LAWRENCE — It took NRG Energy’s CEO less time to power his car using the company’s first electric vehicle charging station in New Jersey than it would to charge his cellphone.
Within a little more than 30 minutes, David Crane’s black Nissan LEAF reached a full charge Wednesday morning in Quaker Bridge Mall’s parking lot outside Sears.
“I think the only downside of that maybe from the mall’s perspective is that they want the average customer to go in the mall for more than 30 minutes,” he said. “So maybe the fast-charger is working too well, but in any case, that’s the state of technology.”
Mall executives, elected officials and company representatives from NRG — which developed the new Freedom Station — held a ribbon cutting ceremony to celebrate the grand opening of the first in the New York, New Jersey and Philadelphia areas.
The site is now equipped with two chargers that deliver about 80 miles of range in approximately a half hour. A third onsite takes about three hours to power electric vehicles.
There are about 400 Freedom Stations in 26 cities, with more coming each month as NRG works with Simon mall leaders, Crane said.
“We are thrilled now to be able to offer customers access to convenient charging stations so those with electric cars can visit the center and shop and dine while reducing their carbon footprint,” mall manager Lynda Benedetto said.
Despite New Jersey’s progress in reducing air emissions, the state still does not meet ozone standards, said Bob Martin, commissioner of the Department of Environmental Protection.
Out-of-state power plants and diesel-powered engines in and passing through New Jersey pose challenges, he said.
“It’s the main reason EV charging stations are so important to this state and other states across the country,” said Martin, noting investment in sustainable infrastructure will encourage use.
There are roughly 300 million light-duty vehicles on the roads in the United States, 80 million of which are somebody’s second or third vehicle driven locally to work or malls, Crane said.

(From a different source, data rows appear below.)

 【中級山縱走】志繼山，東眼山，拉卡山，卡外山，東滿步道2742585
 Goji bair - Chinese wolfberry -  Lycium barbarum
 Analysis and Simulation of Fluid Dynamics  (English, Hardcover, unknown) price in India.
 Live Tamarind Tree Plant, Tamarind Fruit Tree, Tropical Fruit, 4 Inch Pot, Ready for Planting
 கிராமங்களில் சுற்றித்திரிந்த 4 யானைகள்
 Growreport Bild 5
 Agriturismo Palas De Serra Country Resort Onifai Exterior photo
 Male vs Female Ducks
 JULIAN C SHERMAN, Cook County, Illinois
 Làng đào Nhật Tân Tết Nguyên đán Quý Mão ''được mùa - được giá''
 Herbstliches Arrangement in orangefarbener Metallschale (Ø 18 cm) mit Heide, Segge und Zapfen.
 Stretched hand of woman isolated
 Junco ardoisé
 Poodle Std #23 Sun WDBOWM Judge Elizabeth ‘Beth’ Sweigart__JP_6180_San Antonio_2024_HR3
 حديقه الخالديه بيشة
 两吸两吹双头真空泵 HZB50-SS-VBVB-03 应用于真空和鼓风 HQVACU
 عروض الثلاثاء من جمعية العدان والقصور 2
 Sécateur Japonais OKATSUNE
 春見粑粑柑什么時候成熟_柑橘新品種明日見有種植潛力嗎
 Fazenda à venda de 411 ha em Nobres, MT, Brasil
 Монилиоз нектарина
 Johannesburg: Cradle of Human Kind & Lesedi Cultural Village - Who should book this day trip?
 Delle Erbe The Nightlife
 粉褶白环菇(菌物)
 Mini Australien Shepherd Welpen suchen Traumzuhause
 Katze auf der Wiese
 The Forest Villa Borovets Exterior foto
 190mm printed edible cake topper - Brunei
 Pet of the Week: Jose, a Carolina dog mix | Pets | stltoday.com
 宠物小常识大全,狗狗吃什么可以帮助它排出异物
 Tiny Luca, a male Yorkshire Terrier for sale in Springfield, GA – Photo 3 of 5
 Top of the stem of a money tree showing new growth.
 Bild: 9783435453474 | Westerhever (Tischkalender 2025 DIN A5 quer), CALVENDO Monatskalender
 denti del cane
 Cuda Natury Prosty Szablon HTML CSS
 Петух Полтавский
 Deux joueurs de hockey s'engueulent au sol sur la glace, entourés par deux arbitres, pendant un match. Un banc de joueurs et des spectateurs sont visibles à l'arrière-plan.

Data show less than 1 percent of all cars — electric or not — are ever driven across the country, Crane said.
“NRG’s approach to electric vehicle charging is not to put electric vehicle charges in the middle of Nebraska so someone who’s taking I-80 from New York to California can charge,” he said. “It’s based on an urban, suburban ecosystem model.”
Without tail pipes, electric cars enhance local air quality and reduce America’s dependence on foreign oil, said Crane, who was in Saudi Arabia on Monday.
“While the United States has moved towards greater domestic oil production with seven to eight million barrels a day, we’re still importing seven million barrels of oil a day,” Crane said. “Even at a cost of $50 a barrel, that’s a billion dollars of American wealth going overseas every three days.”